Sans-titre, série L’herbe sous les pieds, technique mixte sur papier, diptyque, 65 x 100 cm, 2013.

Anne Gérard : une transfiguration du banal Rendre compte de l’œuvre d’Anne Gérard oblige à une forme d’investigation dont le cheminement s’apparente à celui de l’archéologie pratique. Il conduit en effet à creuser son objet en adoptant les précautions de la méthode stratigraphique, découvrant couche après couche le feuilletage d’une œuvre dont les variations dessinent les contours d’un projet artistique progressant par séries. Mais comme ces séries ne sont jamais closes complètement et qu’elles font quelquefois l’objet de reprises inscrites dans des temporalités elles-mêmes variables, leur évolutivité même les rapproche davantage d’histoires à suivre que de programmes de fabrication. L’autonomie expérimentale et la dimension narrative qui caractérisent l’avancée des travaux au sein de chaque ensemble donnent à cette forme de sérialité une qualité qui l’éloigne beaucoup du modèle qu’avait historiquement déposé l’Art Conceptuel.

La progression sérielle revue ainsi par Anne G. ressemble alors plus à une méditation digressive qu’à l’application d’une machinerie programmatique, comme si, au début de chaque série, elle construisait les éléments d’un atelier mental dont les principes initiaux, thématiques, matériologiques et processuels, seraient mis à l’épreuve d’une aventure de la pratique, laissant une part importante à l’improvisation heureuse.
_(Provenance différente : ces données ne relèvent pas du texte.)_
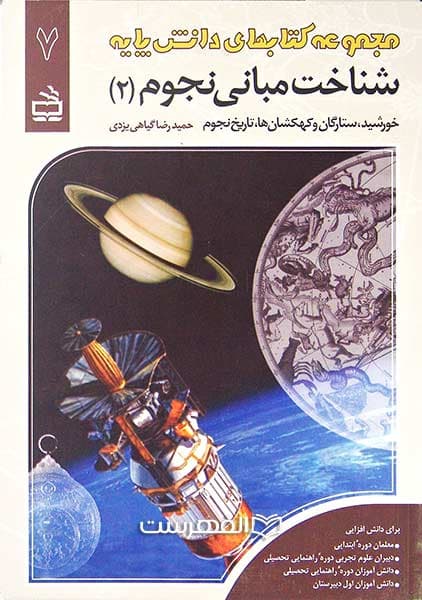 شناخت مبانی نجوم 2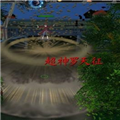 九尾忍风传 V2.53 免费版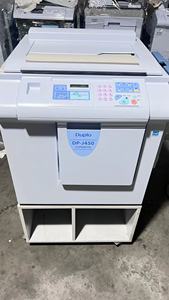 Duplicadora Digital Duplo DP-J450 DP-K850 X550 X850 A3 a Color 70 ppm - Product Image 3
Cet abandon à une forme de sérendipité qui rend possible, à partir de prémisses rigoureuses, le dialogue entre le programme et le hasard dans l’élaboration de l’œuvre me parait être un des moteurs du fonctionnement poétique du travail de l’artiste et la garantie de sa dynamique de régénération. Le principe de répétition qui est à la base du fonctionnement sériel est ainsi requestionné du point de vue même des différences qu’il produit dans la réitération de la pratique, à partir du moment où elle n’est pas mécanisée entièrement. Le jeu instauré par l’artiste dans le système de l’œuvre donne alors à la répétition la valeur d’une reprise, au sens où ce terme est employé dans le monde musical, c’est à dire comme réinterprétation et réinvention d’un motif. Cette hypothèse est aussi confirmée, à l’échelle du temps global de l’œuvre, par la non-clôture des séries qui peuvent faire l’objet de revisitations ou d’extensions explorant de nouveaux développements formels. En plaçant l’ensemble de son travail, que ce soit dans le processus d’élaboration de chaque pièce ou dans l’évolution temporelle des séries qui en constituent les laboratoires particuliers, sous le signe majeur de la reprise, l’artiste donne à sa recherche une liberté paradoxale, celle d’un champ expérimental utilisant les contraintes propres à ses définitions comme moteur de sa réinvention permanente.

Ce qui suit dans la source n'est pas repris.